For CVE-2026-57831, the reviewed CISA KEV evidence has no matching entry. There is also no authoritative confirmation in the reviewed CVE or NVD material of active exploitation or ransomware use. This article therefore does not make either claim.
The NVD record for CVE-2026-57831 currently has a Deferred analysis status. The vulnerability details and score discussed here rely on the CVE record and the available vendor/publisher advisory material; administrators should continue to monitor those records for updates as NVD analysis progresses.
Keep CVSS versions separate when reviewing other advisories. For example, AcyMailing CVE-2026-56292 has an official CVSS 4.0 score of 9.2 (CRITICAL) and an official CVSS 3.1 score of 7.5 (HIGH). These are scores from different CVSS specifications, not competing scores for the same version of the system.
Use This Patch Cycle to Review Other Joomla Extensions
DPCalendar should be the first priority where it is installed, but this incident is also a practical reason to review the extension inventory across every managed Joomla site. Remove extensions that are no longer needed, identify owners for the extensions that remain, and check that each one has a defined update process.
As a separate current example, CVE-2026-56292 affects AcyMailing for Joomla from version 6.0.0 up to, but not including, 10.11.1. Sites using that extension should update to version 10.11.1. Its CVSS 4.0 score is 9.2 (CRITICAL), while its CVSS 3.1 score is 7.5 (HIGH).
Older Joomla core SQL injection issues are useful historical context, not evidence of current flaws in supported releases. Joomla's security advisories document that CVE-2015-7857 affected core versions 3.2.0 through 3.4.4 and was fixed in 3.4.5, while CVE-2017-8917 affected Joomla 3.7.x before 3.7.1 and was fixed in 3.7.1. Maintaining supported Joomla core and extension releases is the durable lesson from those earlier cases.
Prioritized Administrator Checklist
- Identify every site with DPCalendar or
com_dpcalendarinstalled. - Prioritise any instance running version 8.18.0 through 10.11.1.
- Create and validate a full files-and-database backup.
- Update to DPCalendar 10.11.2 or later on Joomla 4.4.4–6.x, or 8.19.4 or later on Joomla 3.
- Verify the installed version, clear Joomla and edge caches, and test normal calendar operation.

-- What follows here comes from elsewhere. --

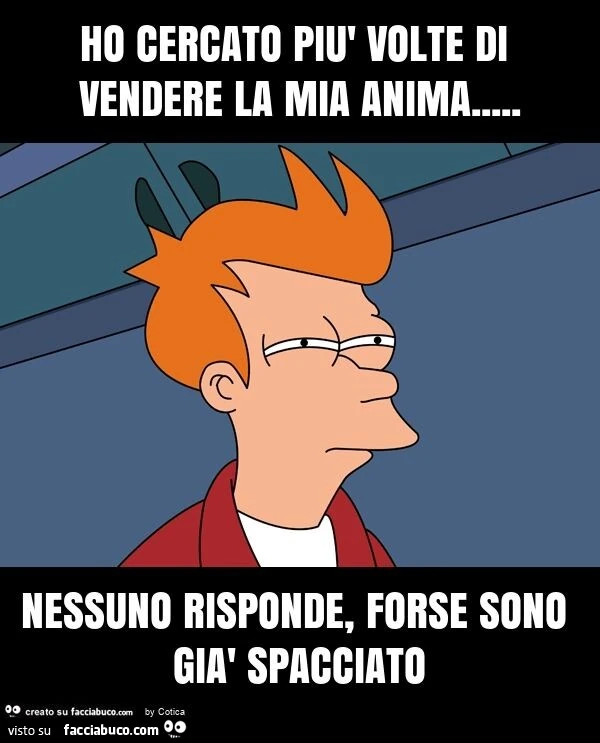 Ho cercato più volte di vendere la mia anima&hellip; nessuno risponde, forse sono già spacciato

- For long-exposed or data-sensitive sites, review logs and begin incident-response steps if evidence suggests compromise.
- Check AcyMailing installations and update affected releases to 10.11.1.
- Review WAF coverage, database permissions, credential-rotation procedures, and the wider extension update inventory.
Fast, documented patching is the appropriate response to CVE-2026-57831. The key facts are clear: the flaw is unauthenticated, remotely reachable, affects DPCalendar through 10.11.1, and has fixed versions available for the relevant Joomla branches.